TASK TO COMPLETE -> Your output is the line containing "Dolly Parton 2" plus every line after it in the listing, reproduced exactly.
▬▬▬
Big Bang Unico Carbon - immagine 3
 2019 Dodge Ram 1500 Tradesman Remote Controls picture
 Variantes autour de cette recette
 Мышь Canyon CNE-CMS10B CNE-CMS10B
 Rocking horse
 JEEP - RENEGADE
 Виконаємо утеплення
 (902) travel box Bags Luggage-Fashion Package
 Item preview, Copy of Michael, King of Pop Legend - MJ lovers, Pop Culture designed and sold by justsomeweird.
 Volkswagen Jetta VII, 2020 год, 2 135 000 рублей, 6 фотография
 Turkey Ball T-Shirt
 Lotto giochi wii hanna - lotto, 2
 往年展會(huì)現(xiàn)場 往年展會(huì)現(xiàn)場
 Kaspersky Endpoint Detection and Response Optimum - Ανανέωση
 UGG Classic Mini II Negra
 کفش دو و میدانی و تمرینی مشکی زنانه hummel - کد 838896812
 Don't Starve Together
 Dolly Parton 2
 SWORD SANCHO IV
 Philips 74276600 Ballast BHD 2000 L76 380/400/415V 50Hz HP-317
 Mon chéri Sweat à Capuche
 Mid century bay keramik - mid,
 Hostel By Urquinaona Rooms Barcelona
▬▬▬
REPLY ->
 Dolly Parton 2
 SWORD SANCHO IV
 Philips 74276600 Ballast BHD 2000 L76 380/400/415V 50Hz HP-317
 Mon chéri Sweat à Capuche
 Mid century bay keramik - mid,
 Hostel By Urquinaona Rooms Barcelona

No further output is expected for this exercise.